I cannot find any example where the -fno-trapping-math option has an effect.
I would expect -ftrapping-math to disable optimizations that may affect whether traps are generated or not. For example the calculation of an intermediate value with extended precision using x87 instructions or FMA instructions may prevent an overflow exception from occurring. The -ftrapping-math option does not prevent this.
Common subexpression elimination may result in one exception occurring rather than two, for example the optimization 1./x + 1./x = 2./x will generate one trap rather than two when x=0. The -ftrapping-math option does not prevent this.

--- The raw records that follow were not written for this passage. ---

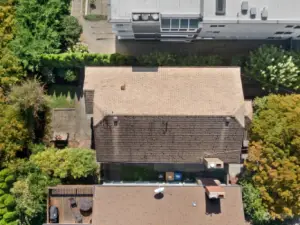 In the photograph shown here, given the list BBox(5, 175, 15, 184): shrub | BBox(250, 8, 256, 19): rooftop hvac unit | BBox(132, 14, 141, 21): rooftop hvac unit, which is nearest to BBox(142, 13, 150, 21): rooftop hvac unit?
BBox(132, 14, 141, 21): rooftop hvac unit

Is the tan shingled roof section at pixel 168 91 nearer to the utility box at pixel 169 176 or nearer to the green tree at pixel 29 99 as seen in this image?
the green tree at pixel 29 99

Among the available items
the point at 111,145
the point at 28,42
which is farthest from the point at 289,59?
the point at 28,42

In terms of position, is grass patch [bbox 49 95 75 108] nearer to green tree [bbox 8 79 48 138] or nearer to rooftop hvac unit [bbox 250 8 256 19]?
green tree [bbox 8 79 48 138]

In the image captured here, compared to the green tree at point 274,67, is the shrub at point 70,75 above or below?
below

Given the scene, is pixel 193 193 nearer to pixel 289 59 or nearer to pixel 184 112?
pixel 184 112

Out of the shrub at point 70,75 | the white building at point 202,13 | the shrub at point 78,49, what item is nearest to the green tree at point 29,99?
the shrub at point 70,75

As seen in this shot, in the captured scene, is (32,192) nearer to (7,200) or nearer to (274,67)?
(7,200) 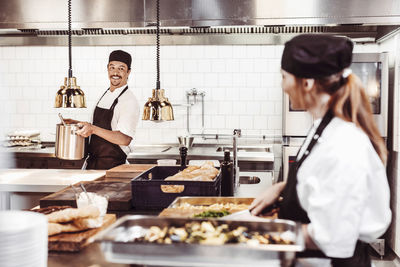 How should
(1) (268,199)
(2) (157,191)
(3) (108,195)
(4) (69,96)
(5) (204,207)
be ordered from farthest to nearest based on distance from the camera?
1. (4) (69,96)
2. (3) (108,195)
3. (2) (157,191)
4. (5) (204,207)
5. (1) (268,199)

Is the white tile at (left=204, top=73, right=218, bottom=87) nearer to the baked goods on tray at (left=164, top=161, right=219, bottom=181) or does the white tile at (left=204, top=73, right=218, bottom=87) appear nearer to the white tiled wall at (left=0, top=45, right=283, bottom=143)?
the white tiled wall at (left=0, top=45, right=283, bottom=143)

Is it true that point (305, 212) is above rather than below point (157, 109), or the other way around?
below

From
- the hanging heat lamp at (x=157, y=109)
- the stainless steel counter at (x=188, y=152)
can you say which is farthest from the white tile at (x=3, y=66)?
the hanging heat lamp at (x=157, y=109)

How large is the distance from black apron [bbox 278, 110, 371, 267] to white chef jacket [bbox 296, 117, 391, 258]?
0.08m

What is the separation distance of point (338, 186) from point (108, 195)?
5.40 ft

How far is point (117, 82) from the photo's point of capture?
4.23 meters

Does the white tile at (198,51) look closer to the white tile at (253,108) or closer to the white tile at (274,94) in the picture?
the white tile at (253,108)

Please give some examples of optimizations that are prevented by -fno-trapping-math.
Can you recommend any documents that explain the different floating point optimization options better than the gcc manual, perhaps with specific examples of code that is optimized by each option? Possibly for other compilers.

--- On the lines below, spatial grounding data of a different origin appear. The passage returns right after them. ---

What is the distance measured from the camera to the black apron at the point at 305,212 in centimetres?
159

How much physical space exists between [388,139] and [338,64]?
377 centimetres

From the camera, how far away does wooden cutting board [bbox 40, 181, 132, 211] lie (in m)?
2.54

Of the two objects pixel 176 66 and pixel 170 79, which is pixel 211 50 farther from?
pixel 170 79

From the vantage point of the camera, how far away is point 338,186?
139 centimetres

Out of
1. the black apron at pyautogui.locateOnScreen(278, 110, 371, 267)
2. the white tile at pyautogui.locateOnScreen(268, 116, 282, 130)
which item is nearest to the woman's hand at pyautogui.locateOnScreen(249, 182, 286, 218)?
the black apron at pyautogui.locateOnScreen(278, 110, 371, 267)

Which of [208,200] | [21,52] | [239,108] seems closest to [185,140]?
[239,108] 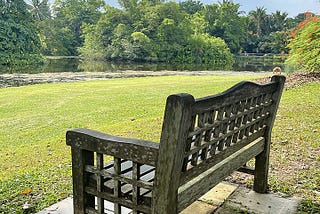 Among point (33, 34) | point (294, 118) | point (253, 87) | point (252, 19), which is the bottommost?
point (294, 118)

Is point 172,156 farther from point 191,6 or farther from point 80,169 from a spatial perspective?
point 191,6

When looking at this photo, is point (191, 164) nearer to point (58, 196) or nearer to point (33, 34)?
point (58, 196)

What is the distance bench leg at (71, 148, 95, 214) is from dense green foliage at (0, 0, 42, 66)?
110 ft

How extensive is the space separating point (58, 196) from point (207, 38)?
4670 cm

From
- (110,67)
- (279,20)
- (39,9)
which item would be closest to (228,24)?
(279,20)

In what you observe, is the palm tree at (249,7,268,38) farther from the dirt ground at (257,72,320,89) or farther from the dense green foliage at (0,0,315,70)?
the dirt ground at (257,72,320,89)

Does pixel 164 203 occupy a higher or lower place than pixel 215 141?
lower

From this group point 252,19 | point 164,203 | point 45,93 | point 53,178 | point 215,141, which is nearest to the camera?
point 164,203

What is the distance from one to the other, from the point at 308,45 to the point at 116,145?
1149 centimetres

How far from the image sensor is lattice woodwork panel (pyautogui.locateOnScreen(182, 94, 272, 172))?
176 cm

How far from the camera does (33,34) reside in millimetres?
37062

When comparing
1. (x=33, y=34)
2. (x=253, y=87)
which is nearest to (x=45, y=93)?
(x=253, y=87)

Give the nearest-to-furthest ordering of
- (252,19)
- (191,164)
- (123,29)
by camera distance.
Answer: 1. (191,164)
2. (123,29)
3. (252,19)

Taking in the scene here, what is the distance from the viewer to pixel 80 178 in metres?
1.89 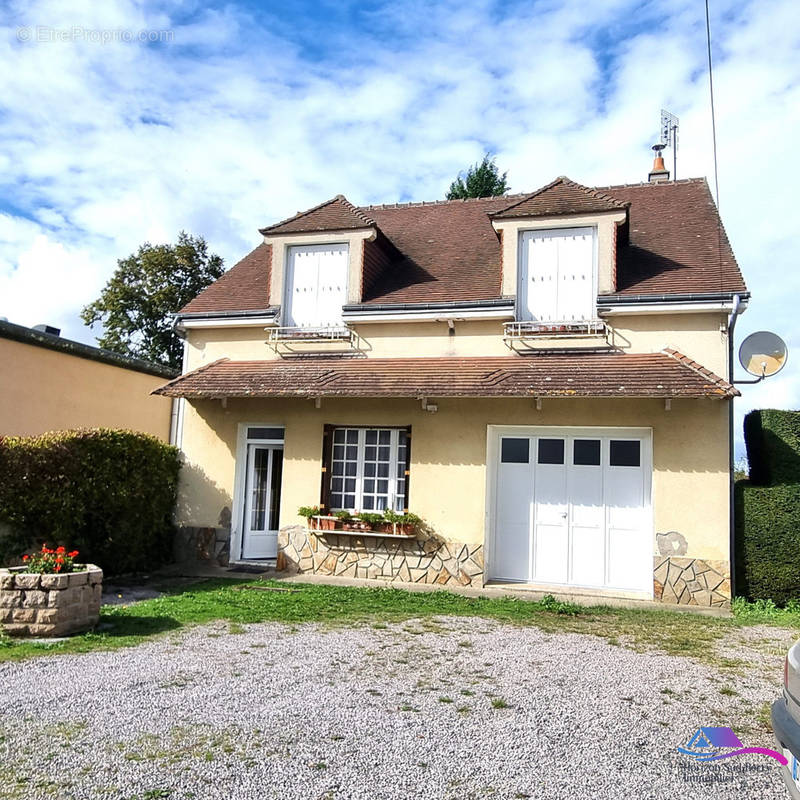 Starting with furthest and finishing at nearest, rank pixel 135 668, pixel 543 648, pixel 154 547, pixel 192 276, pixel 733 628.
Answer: pixel 192 276 → pixel 154 547 → pixel 733 628 → pixel 543 648 → pixel 135 668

A simple example is as follows:
float foo()
{
float a = 0;
float nan = a/a;
return nan;
}
Compiled with GCC 7.3 for x64, at -O3
:
foo():
pxor xmm0, xmm0
divss xmm0, xmm0
ret
...which is pretty self-explanatory. Note that it's actually doing the div (despite knowing that 0/0 is nan), which is not especially cheap! It has to do that, because your code might be trying to deliberately raise a floating point trap.
With -O3 -fno-signaling-nans -fno-trapping-math
:
foo():
movss xmm0, DWORD PTR .LC0[rip]
ret
.LC0:
.long 2143289344
That is, "just load in a NaN and return it". Which is identical behavior, as long as you're not relying on there being a trap.